> _Problem to work on_
What should you transcribe? Every line from the top of the records below through the line with "Detail of zebra", exactly, and no pictures.

Image-caption web data
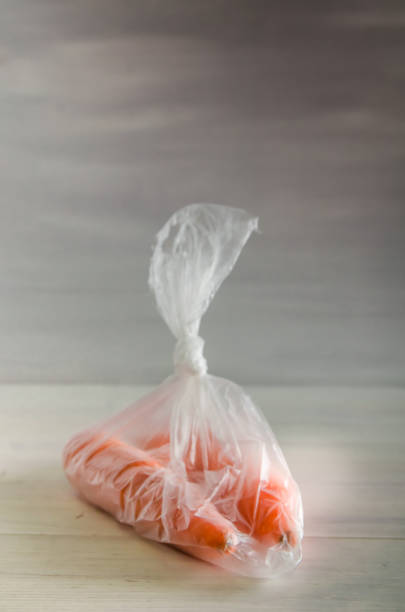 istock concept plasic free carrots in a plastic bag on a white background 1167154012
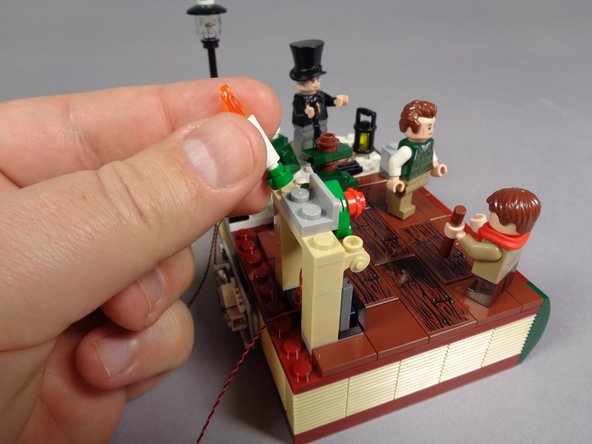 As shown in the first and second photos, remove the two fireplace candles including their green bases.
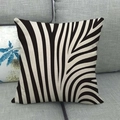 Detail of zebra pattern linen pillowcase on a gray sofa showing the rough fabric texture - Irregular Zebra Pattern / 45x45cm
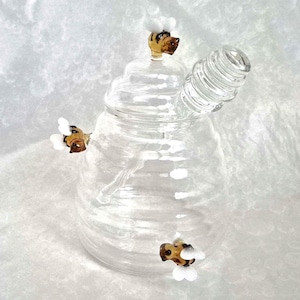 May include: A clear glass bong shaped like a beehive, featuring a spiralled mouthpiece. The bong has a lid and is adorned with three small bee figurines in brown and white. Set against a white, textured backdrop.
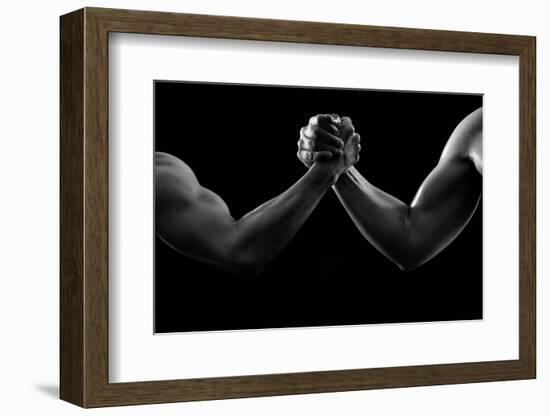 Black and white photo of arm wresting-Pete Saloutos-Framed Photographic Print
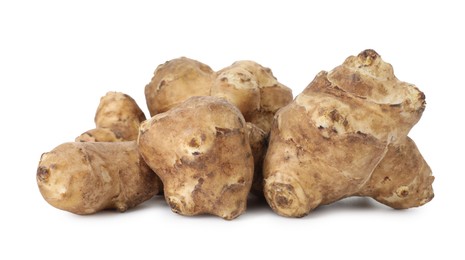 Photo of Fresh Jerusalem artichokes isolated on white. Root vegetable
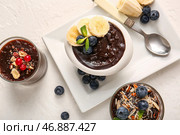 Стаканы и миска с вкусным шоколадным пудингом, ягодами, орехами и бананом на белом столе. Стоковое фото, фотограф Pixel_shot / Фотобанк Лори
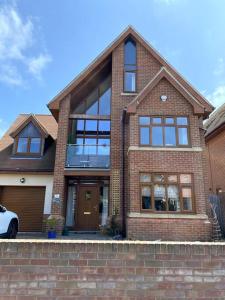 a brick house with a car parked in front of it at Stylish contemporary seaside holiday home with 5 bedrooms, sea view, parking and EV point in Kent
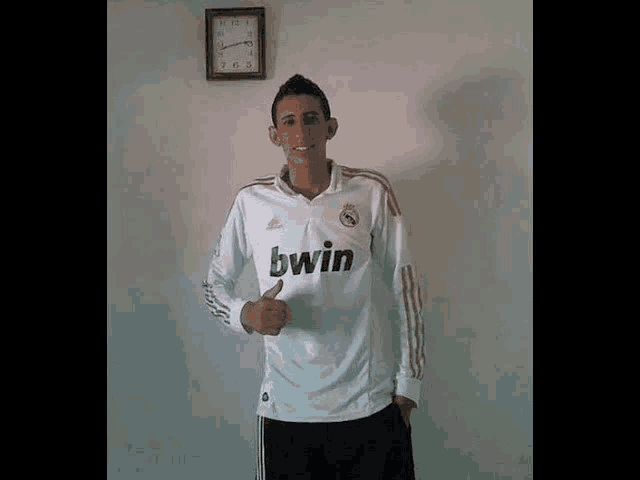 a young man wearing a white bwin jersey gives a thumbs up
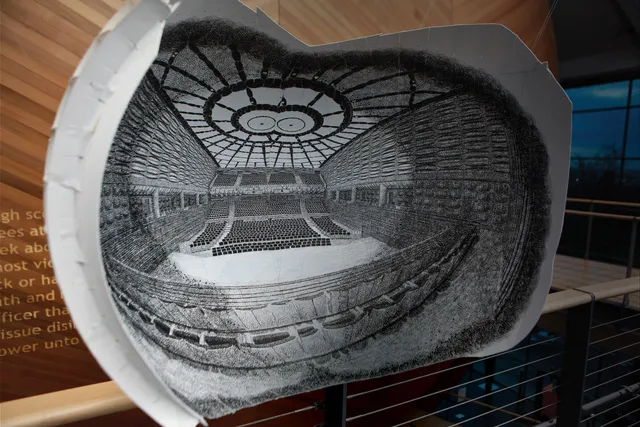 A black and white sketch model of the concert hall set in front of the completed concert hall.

> _Result_
 istock concept plasic free carrots in a plastic bag on a white background 1167154012
 As shown in the first and second photos, remove the two fireplace candles including their green bases.
 Detail of zebra pattern linen pillowcase on a gray sofa showing the rough fabric texture - Irregular Zebra Pattern / 45x45cm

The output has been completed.